═════ WORKING DATA ═════
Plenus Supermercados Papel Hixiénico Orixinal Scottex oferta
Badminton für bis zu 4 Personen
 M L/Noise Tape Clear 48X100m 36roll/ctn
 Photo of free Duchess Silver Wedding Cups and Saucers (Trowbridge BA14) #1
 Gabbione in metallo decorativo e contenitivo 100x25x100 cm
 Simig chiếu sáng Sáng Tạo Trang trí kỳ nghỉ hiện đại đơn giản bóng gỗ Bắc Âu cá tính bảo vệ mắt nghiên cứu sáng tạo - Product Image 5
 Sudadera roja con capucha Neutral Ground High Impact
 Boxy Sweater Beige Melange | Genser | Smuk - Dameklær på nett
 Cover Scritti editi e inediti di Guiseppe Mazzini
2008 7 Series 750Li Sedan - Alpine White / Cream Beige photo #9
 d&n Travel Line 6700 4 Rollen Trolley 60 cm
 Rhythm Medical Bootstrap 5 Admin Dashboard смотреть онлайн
═════
§ PROMPT
The data above should be returned in full, exactly as written.

§ REPLY TO THE TASK
Plenus Supermercados Papel Hixiénico Orixinal Scottex oferta
Badminton für bis zu 4 Personen
 M L/Noise Tape Clear 48X100m 36roll/ctn
 Photo of free Duchess Silver Wedding Cups and Saucers (Trowbridge BA14) #1
 Gabbione in metallo decorativo e contenitivo 100x25x100 cm
 Simig chiếu sáng Sáng Tạo Trang trí kỳ nghỉ hiện đại đơn giản bóng gỗ Bắc Âu cá tính bảo vệ mắt nghiên cứu sáng tạo - Product Image 5
 Sudadera roja con capucha Neutral Ground High Impact
 Boxy Sweater Beige Melange | Genser | Smuk - Dameklær på nett
 Cover Scritti editi e inediti di Guiseppe Mazzini
2008 7 Series 750Li Sedan - Alpine White / Cream Beige photo #9
 d&n Travel Line 6700 4 Rollen Trolley 60 cm
 Rhythm Medical Bootstrap 5 Admin Dashboard смотреть онлайн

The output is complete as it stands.